I’ve been trying to learn data science, and inspired by a contest at Kaggle that is waaaay beyond my level of understanding, I’m doing some number-crunching to do a bracket.
Here’s what I did — you can see the full data set at the end.
First: In Google Sheets, I imported several data sets from ESPN, starting with their basic rankings pages listing BPI (their own numbers), strength of schedule (their computation), “strength of record” (which I don’t fully understand) and the official NCAA RPI. I also imported the seven-day ranking change and each team’s seeds.
All that importing put a strain on Google Sheets (only 25 teams per page, and I went through eight pages to get 200 teams’ data, plus a couple more), so I eventually just copied the values within Google Sheets and canceled the importing.
Then I took those numbers and computed the following:
- A simple average of each teams BPI, RPI and strength of record, giving me an average of computer rankings.

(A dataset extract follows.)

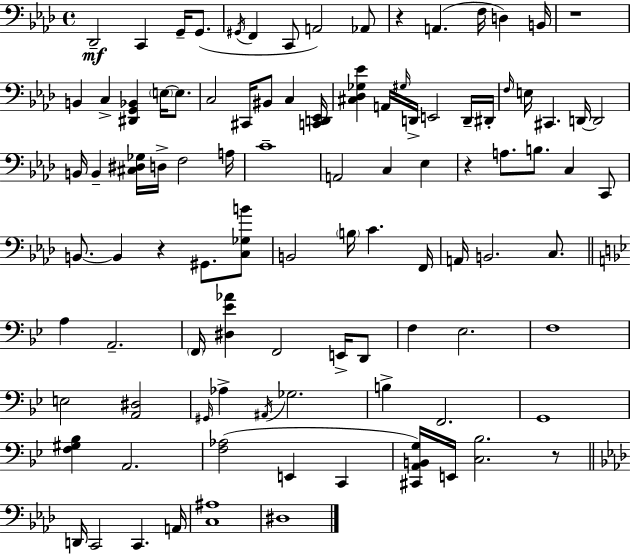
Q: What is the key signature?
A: AES major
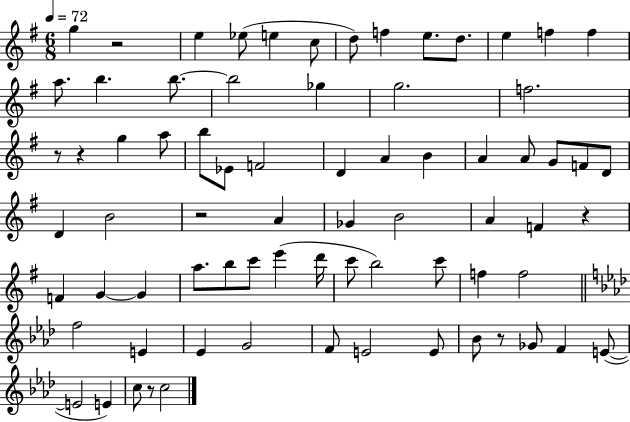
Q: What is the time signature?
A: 6/8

- A rough difference between each team’s computer ranking and seed. Sort of. Generally, the higher the number, the worse the team is for its seed. Only Villanova (1.0 in computer rankings, and I multiplied the seed number because there are multiple #1 seeds) and SMU (14.7 computer rankings, #6 seed) came out with negative numbers (which, in this case, means “good”).
- I saved the 7-day change in BPI for a future calculation.
This much was quite easy and didn’t take much time.
Second: This took quite a bit more time. If I knew how to do R programming with all the datasets in Kaggle, maybe it would’ve been easier.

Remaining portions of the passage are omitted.